Fairly certain I am going to look back and regret the time I have wasted in this life of doing and stressing once all the time has disappeared. The insane complexity of modern life and the fractured sense of peace and equanimity rob me of the gentle breeze that blows across my face, but only if I allow it.
Only if I separate it out. This neurotic drive to get it all done makes me laugh my own naivety. It strikes me hard, often, that I am going to look back when I don’t have mobility anymore and regret that I didn’t take myself off to natural surrounds even more often.
A week ago, during a long paddle, I saw two huge eagles making a nest on the corner of a local river. I was kinda dumbstruck by the enormity of it. Wow, it hit me like a ton of bricks, there is life that is truly living.
These are my teachers. Today I am lost in paperwork, taxes, bills, invoices, like thousands of tiny needles piercing my brain and I long for that bloody river and those teachers. But I have to remind myself that yes, even this is an experience that I will wish I could have again one day.
If only I could be back in that vital body again, the old man would wish. Here I am, right now though, taking the advice of the elderly man that I am not yet. Still in this precious, temporary body brimming with vitality and strength. How fortunate.

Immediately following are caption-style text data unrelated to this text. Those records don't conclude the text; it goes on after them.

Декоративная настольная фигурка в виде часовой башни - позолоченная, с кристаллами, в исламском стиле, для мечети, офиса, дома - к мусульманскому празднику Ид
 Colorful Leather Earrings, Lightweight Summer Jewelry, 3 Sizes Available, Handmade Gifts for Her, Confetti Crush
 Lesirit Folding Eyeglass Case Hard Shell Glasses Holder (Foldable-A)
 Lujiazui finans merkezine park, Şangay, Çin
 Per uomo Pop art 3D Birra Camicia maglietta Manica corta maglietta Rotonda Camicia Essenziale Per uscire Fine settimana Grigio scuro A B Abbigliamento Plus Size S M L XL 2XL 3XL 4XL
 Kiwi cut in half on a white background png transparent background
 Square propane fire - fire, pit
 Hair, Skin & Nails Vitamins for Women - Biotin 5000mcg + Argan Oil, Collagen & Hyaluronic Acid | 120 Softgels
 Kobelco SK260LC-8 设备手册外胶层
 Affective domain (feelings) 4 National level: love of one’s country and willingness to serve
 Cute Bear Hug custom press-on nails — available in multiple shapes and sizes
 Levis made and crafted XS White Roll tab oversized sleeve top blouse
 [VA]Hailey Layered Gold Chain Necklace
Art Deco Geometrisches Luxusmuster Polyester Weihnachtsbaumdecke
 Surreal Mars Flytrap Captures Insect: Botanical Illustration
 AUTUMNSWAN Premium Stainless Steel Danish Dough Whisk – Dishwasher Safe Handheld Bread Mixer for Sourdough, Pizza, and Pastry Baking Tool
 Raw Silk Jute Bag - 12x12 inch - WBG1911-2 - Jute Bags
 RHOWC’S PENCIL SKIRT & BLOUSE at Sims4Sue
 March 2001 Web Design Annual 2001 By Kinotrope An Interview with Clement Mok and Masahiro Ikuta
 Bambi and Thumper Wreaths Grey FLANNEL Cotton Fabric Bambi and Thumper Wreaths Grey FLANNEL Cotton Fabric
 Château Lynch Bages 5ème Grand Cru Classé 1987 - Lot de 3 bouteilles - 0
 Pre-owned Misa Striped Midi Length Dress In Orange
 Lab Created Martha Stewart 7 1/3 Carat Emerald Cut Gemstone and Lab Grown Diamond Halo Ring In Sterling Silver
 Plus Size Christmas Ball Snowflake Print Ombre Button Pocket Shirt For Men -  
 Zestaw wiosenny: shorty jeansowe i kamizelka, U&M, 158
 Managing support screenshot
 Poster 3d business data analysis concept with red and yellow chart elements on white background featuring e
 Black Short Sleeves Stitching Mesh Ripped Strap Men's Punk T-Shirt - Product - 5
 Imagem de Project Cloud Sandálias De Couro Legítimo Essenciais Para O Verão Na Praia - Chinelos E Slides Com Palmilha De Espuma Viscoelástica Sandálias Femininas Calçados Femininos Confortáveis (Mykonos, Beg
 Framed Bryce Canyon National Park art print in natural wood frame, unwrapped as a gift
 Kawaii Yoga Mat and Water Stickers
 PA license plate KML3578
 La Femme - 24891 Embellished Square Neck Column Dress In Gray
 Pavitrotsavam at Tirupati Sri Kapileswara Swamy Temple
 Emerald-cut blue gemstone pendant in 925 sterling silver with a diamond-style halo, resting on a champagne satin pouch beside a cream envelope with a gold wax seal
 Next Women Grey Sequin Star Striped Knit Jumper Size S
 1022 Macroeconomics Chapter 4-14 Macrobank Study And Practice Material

It downloads in my brain that we are whipping each other into a type of chaotic trance. Is, busy the measure of the success of life, I wonder? My conditioned brain thinks so but my heart knows differently.
Be alive now, it whispers, be awake here and be present. Yes, even if your body trembles with fear and anxiety.
Yes, be anxious, be frightened, be chaotic, rush and do, but know, watch and observe yourself. Equanimity is around the next corner, only as far away as the awareness that you are stressed is.
There’s something to loving it all and giving up preferences.
As I sit here at this table I can close my eyes and those eagles are dancing in front of me calling me back. Calling me to come out of my thoughts and back to this life. The texture of time changes as you get older, your perception grows, and if you allow it, the reflection brings the golden challis of wisdom rising in your own experience.
The wisdom of the disappearing years and the changing texture brings a message. This will also disappear.So, if not now, when?
Going to wait for retirement, the so-called golden years? They are all golden!
All precocious, perhaps even more precious are the most difficult years. Spill your heart, you might as well.
This is the moment we should cry tears of sadness and joy, this is the moment our presence should crack like thunder and our kindness should wisely hold.
Be not afraid of the silence and the vulnerability, be who you came here to be. One day soon, it will all evaporate like steam.